## What is being asked
An exact copy of the entries below is required, with all pictures removed.

++++++

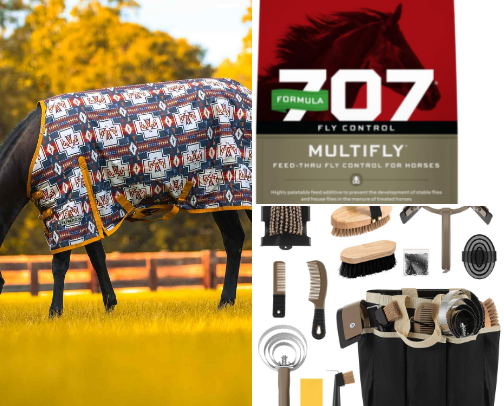 Basic Horse Care Essentials for Everyday Barn Life cover photo collage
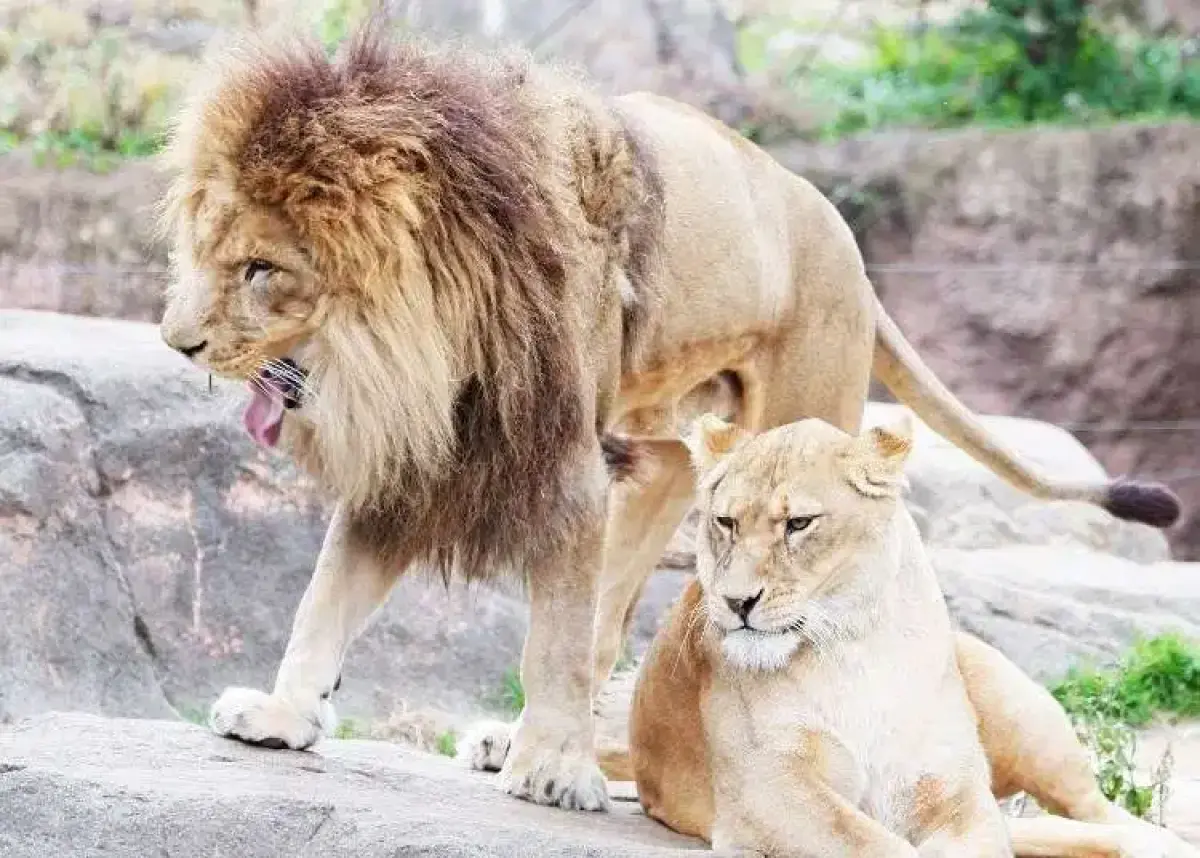 Tennoji Zoo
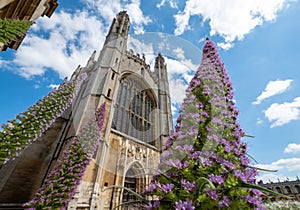 King`s College Chapel with its iconic Gothic arch at Cambridge University UK. On left are Giant Viper`s Bugloss, Echium Pininana.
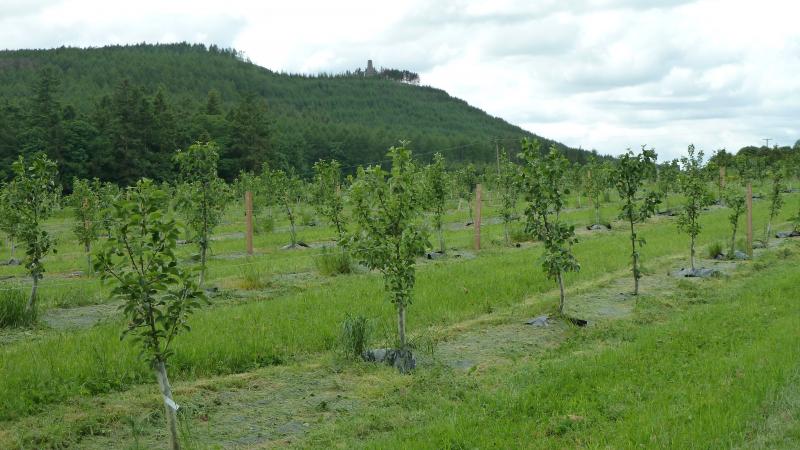 Orchard planting in Scotland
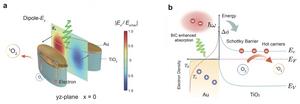 Figure 2 | Schematic illustration of the mechanism by which quasi-BIC–enhanced absorption drives hot-carrier processes at the Au–TiO₂ interface to generate singlet oxygen.
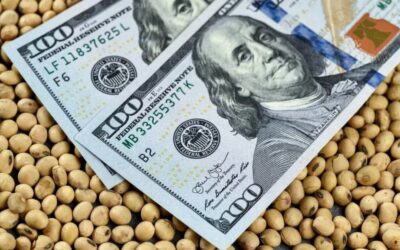 Récord de actividad en la cadena agropecuaria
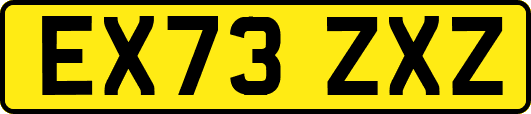 EX73ZXZ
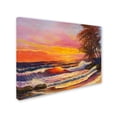 thumbnail image 2 of Trademark Fine Art 'Hawaiian Glow' Canvas Art by Manor Shadian, 2 of 3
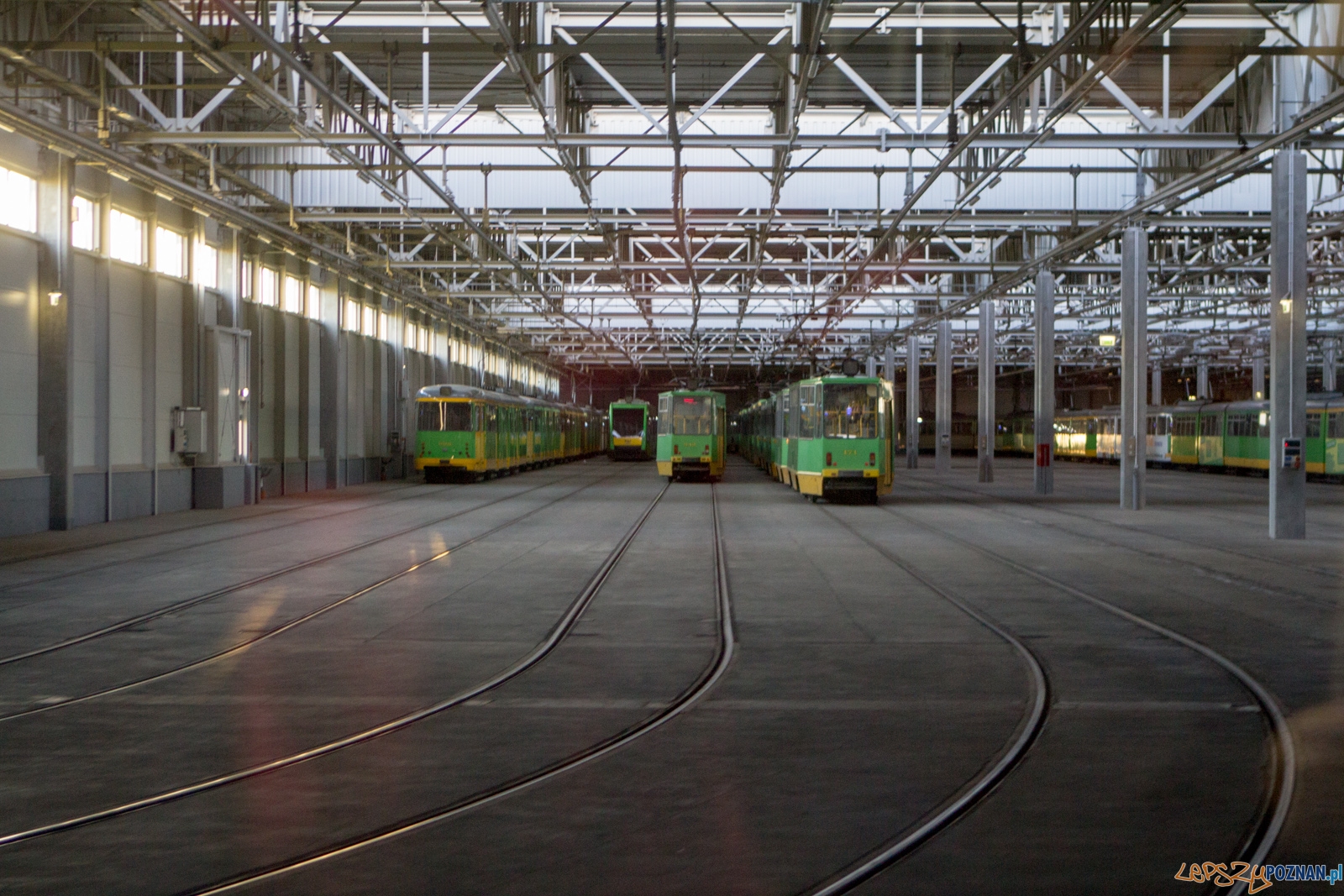 lp-4025 Foto: Ewelina Jaśkowiak lp-4025 Foto: Ewelina Jaśkowiak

++++++

## Task response
 Basic Horse Care Essentials for Everyday Barn Life cover photo collage
 Tennoji Zoo
 King`s College Chapel with its iconic Gothic arch at Cambridge University UK. On left are Giant Viper`s Bugloss, Echium Pininana.
 Orchard planting in Scotland
 Figure 2 | Schematic illustration of the mechanism by which quasi-BIC–enhanced absorption drives hot-carrier processes at the Au–TiO₂ interface to generate singlet oxygen.
 Récord de actividad en la cadena agropecuaria
 EX73ZXZ
 thumbnail image 2 of Trademark Fine Art 'Hawaiian Glow' Canvas Art by Manor Shadian, 2 of 3
 lp-4025 Foto: Ewelina Jaśkowiak lp-4025 Foto: Ewelina Jaśkowiak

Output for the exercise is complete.